До лета 1985 года мне казалось, что все было очень затаенно, никто особенно не вылезал ни в «Этажерку» (так мы называли булочную-кондитерскую с кафе на втором этаже) на улице Горького (теперешней Тверской), ни на Стрит (улица Горького), ни на Кировскую, и знакомств чисто хипповых было мало. Про «Гоголя´» (памятник Гоголю в начале Гоголевского бульвара) я не знал, но, кажется, именно в то время разгон повсюду был полнейший, и пипл отсиживался по домам. Через всякие художественные тусовки и студии я знал Анюту Зелененькую, которую мы рисовали вместе с Антоном Лайко и компанией человек в двадцать таких же бездарей, стремившихся поступить в Полиграфический институт, еще Гошу Квакера (Острецова), но они не очень мне симпатизировали, так что через них я никого не узнал, и в дальнейшем практически на наших тусовках и выставках они не бывали. Да и художники они были никакие. Квакер, по слухам, вообще принадлежал к домашним и очень изнеженным хиппи, предпочитая в своей квартире на «Белорусской» собирать интересных ему людей, преимущественно религиозного толка, сам при этом особо не загораясь их идеями. Собственно хиппари именно в художественной ипостаси в большинстве своем не проявили себя сильно, так же, впрочем, как в музыке и литературе. Одна Умка за всех до сих пор отдувается (шутка).

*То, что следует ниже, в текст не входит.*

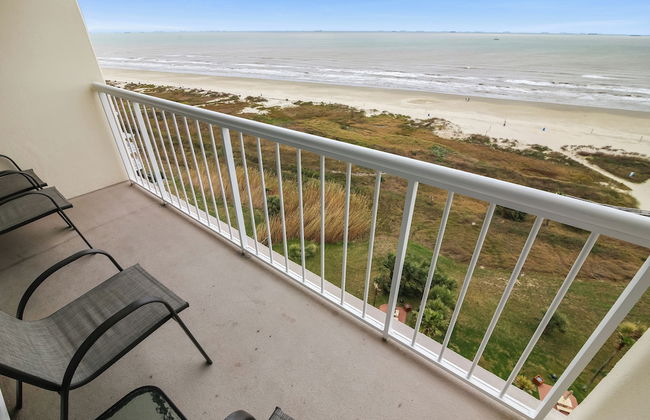 Beachfront Getaway by Ryson Vacation Rentals - Photo 18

То есть большинство рок-музыкантов, отрастив волосы под хипповую моду, пели песенки и ревели гитарами в их вкусе, хотя… черт знает, все было перемешано! Кстати, было удивительно в середине или конце 90-х появление Чижа с чисто хипповым репертуаром, с быстро выходящими один за другим дисками, которое лично для меня стало событием, затмевавшим большинство русских групп и исполнителей своей искренностью, энергичностью, поэтичностью и собственно музыкальностью, притом что звучание было вневременным и в то же время современным, настоящим. Мне лично все время мешали фальшивость и натужное притворство даже в интонациях у «Машины времени», не говоря уже про полную скуку и маразм официальных советских исполнителей типа «Веселых ребят» и «Голубых гитар». С одной стороны, проявлялась неприятная подражательность, с другой – почти академическая скука и идеологическая мертвечина. Как говорят сейчас, «ни о чем». По радио «по заявкам слушателей» передавали годами одни и те же арии и песни одних и тех же исполнителей – Анны Герман с ее «Светит незнакомая звезда», Пугачевой с «Арлекино», Робертино Лоретти с «О соле мио» и арию Мистера Икс из оперетты. Душно и скучно… Так что выбора у нас не было.
В это время я пытался побольше открыть для себя новый мир и побольше узнать людей оттуда. Уж не помню, с кем еще я тогда познакомился, но точно, что контактов было немного, единомышленники находились трудно и на шею никто особо не бросался. Это зима – весна 1984–1985 годов.
В принципе можно было просто шляться по улицам и в метро с утра до ночи, заглядывая время от времени в места типа «Этажерки» или «Трубы» (подземный переход к «Пушкинской»; с начала 80-х так называли переход у «Тургеневской»), чтобы столкнуться с кем-то из тусовки или отдельно от всех существующим волосатым. Или даже не очень волосатым. Достаточно было увидеть у кого-то явно несовкового вида на руке фенечки – бисерные, кожаные или сплетенные из мулине браслетики, какие-нибудь необычные бусы, пацифистские значки, холщовую разукрашенную вышивкой сумку или джинсы в заплатках, обшитых цветными нитками, чтобы вскинуть два пальца в приветствии Victory, подойти и, используя сленг, убедиться в том, что человек наш. Самыми явными признаками были хайратники – ленточки вокруг головы, и ксивники, мешочки для документов на шее и специфические сумы. Это уже было безусловным доказательством системности, и если ты кого с ними видел или видели тебя, практически сближения было не избежать. То есть волосатыми иногда случались и какие-нибудь слесари с завода, никакого отношения не имевшие ни к Системе, ни к рок-музыке, а вот вторичные признаки оказывались более существенными, чем сам хайр. Кстати, и рок-опера такая была про хиппи в Америке – «Hair»[11].